Exercise objective: In the data below, set down exactly the lines from the one containing "Artikelvorschau, Medusa-Strichzeichnung –" up to and including the one containing "Ink+Ivy Novak Lounge". Leave the pictures out.

Source material:
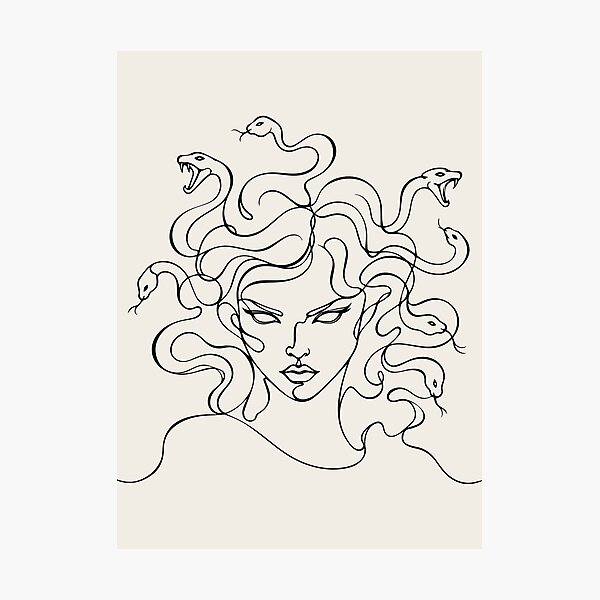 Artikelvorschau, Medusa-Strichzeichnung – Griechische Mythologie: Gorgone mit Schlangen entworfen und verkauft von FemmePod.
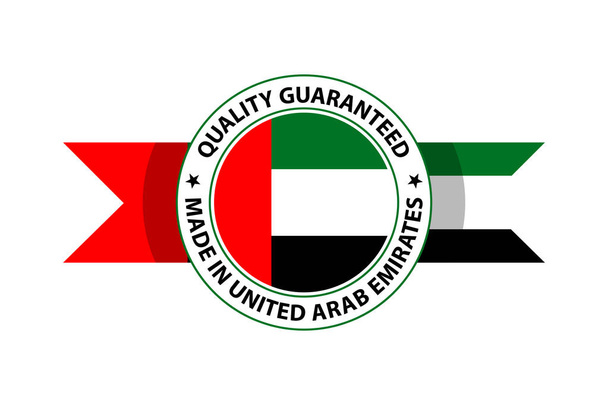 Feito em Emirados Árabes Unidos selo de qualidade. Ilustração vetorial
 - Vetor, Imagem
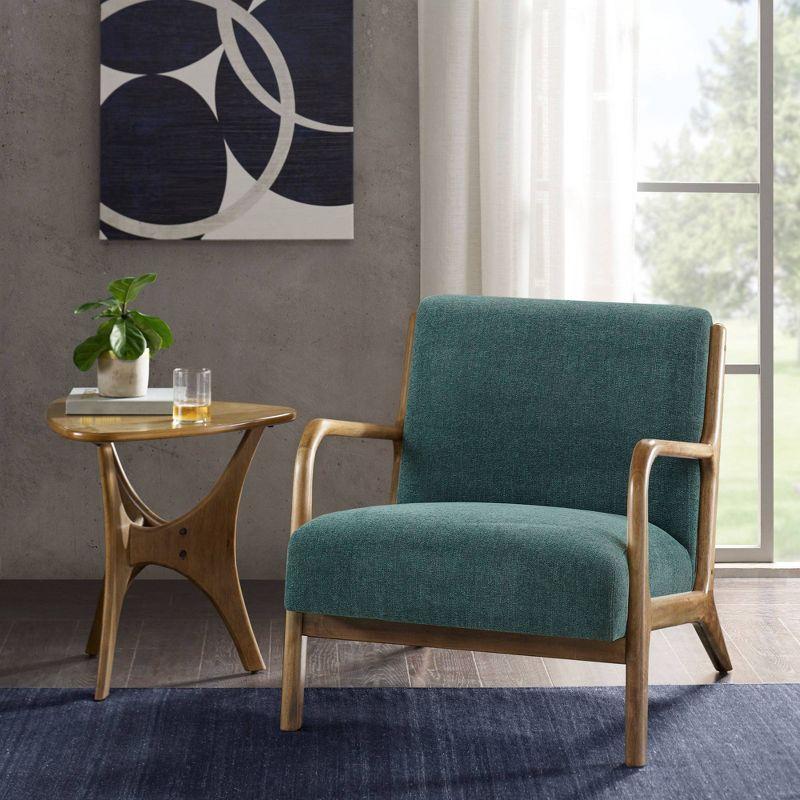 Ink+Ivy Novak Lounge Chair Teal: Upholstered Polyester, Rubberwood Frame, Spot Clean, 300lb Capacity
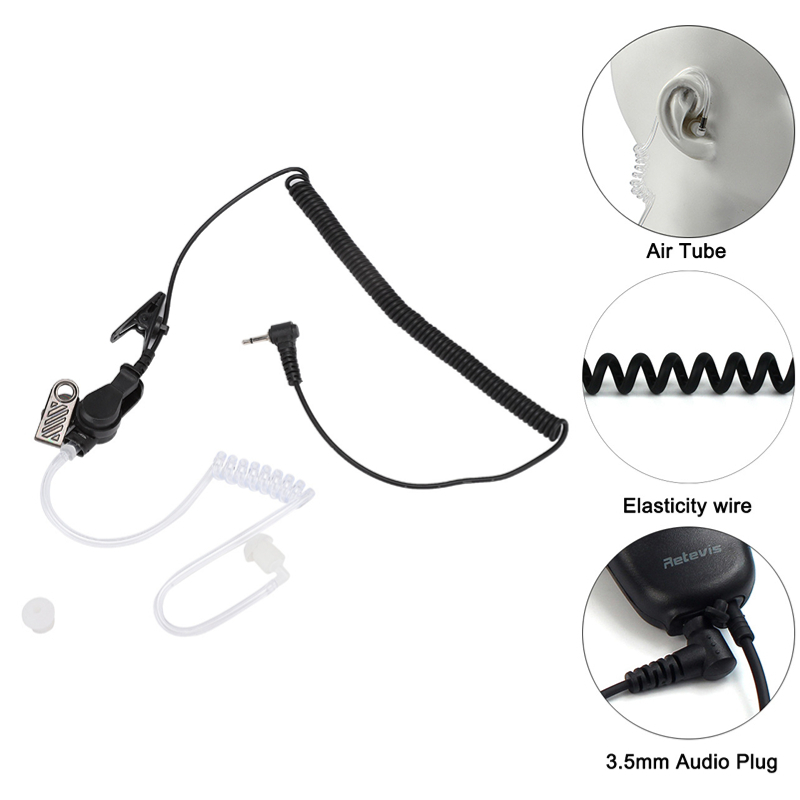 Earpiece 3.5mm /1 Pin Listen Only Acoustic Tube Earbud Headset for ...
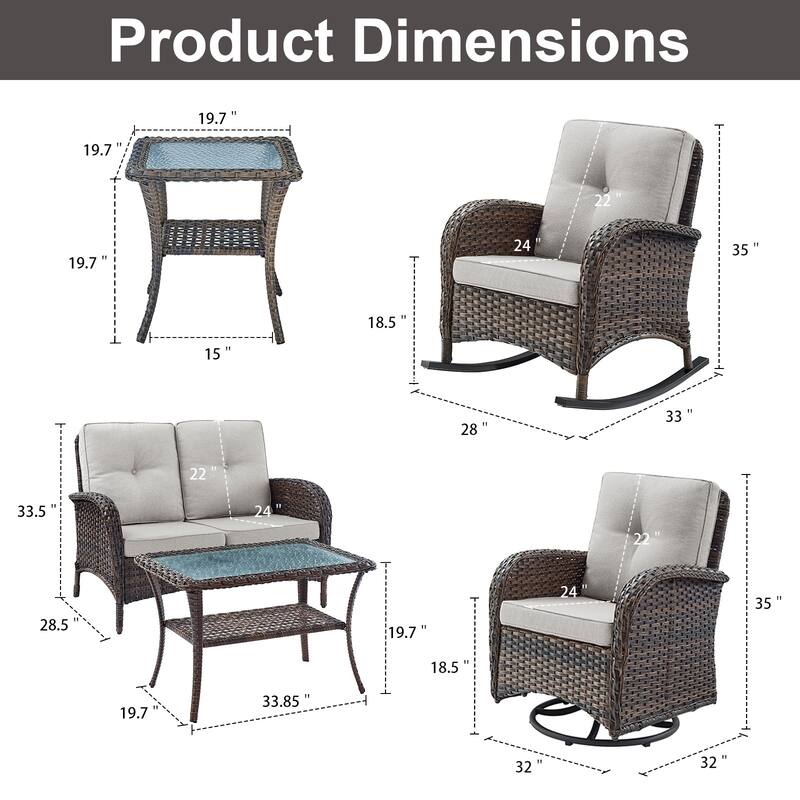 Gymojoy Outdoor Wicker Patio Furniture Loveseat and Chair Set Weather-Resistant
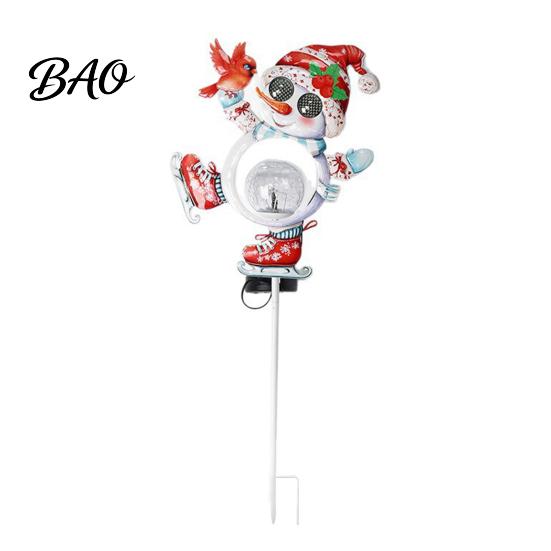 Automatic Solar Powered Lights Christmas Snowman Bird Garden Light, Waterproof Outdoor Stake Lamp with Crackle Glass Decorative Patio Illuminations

* * *

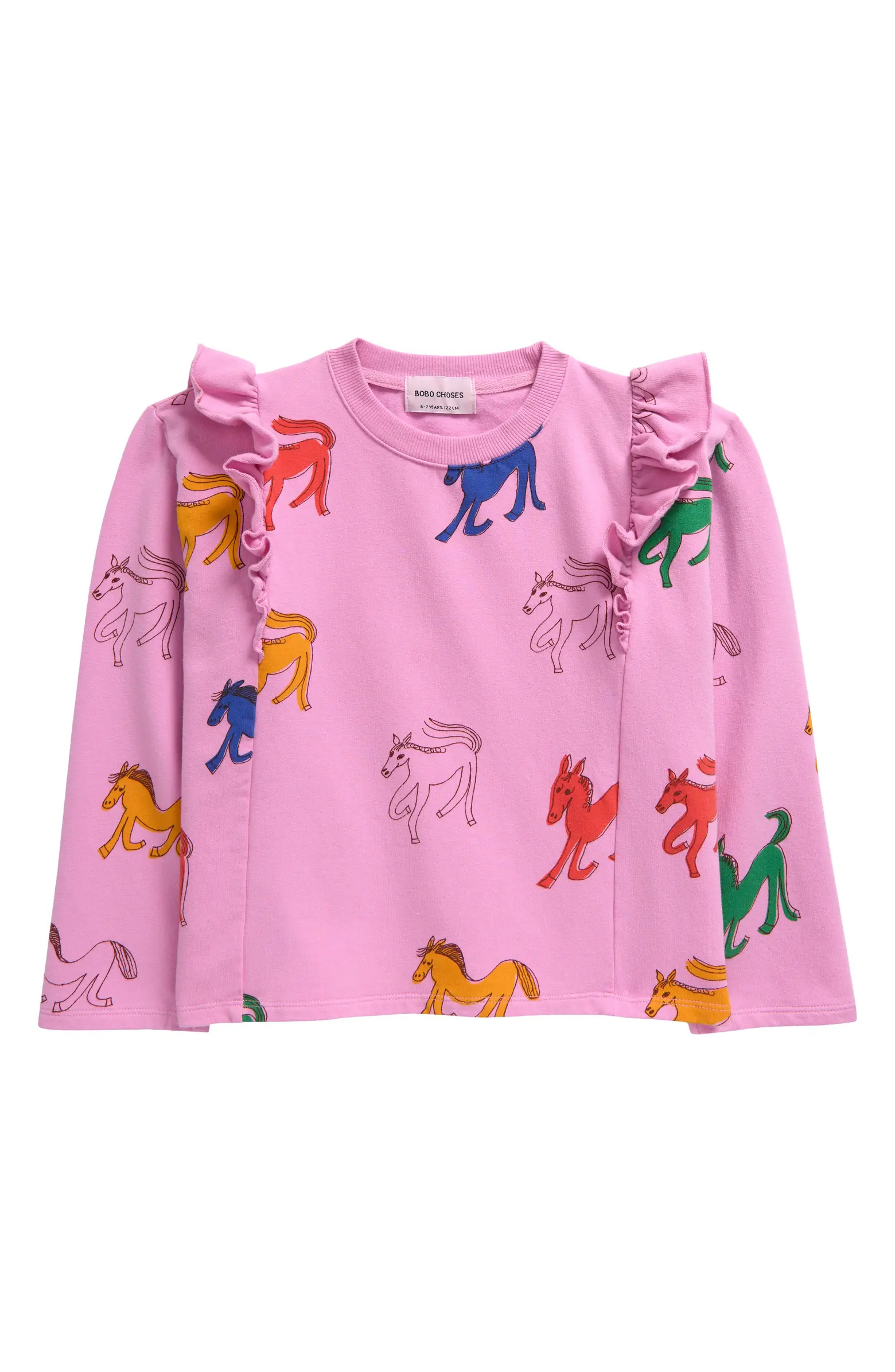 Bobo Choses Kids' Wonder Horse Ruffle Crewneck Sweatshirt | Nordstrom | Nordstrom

--

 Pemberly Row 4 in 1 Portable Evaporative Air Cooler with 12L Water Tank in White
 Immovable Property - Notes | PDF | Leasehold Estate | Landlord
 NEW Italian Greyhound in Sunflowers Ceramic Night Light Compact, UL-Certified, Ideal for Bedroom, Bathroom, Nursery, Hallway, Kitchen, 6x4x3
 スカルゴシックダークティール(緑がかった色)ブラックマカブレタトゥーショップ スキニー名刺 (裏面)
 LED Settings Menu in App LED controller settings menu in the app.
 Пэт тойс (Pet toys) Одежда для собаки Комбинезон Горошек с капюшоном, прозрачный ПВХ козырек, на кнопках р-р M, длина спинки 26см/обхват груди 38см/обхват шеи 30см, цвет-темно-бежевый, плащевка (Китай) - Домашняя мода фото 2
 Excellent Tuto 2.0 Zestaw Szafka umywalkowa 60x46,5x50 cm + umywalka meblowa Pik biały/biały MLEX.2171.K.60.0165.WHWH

Finished exercise:
 Artikelvorschau, Medusa-Strichzeichnung – Griechische Mythologie: Gorgone mit Schlangen entworfen und verkauft von FemmePod.
 Feito em Emirados Árabes Unidos selo de qualidade. Ilustração vetorial
 - Vetor, Imagem
 Ink+Ivy Novak Lounge Chair Teal: Upholstered Polyester, Rubberwood Frame, Spot Clean, 300lb Capacity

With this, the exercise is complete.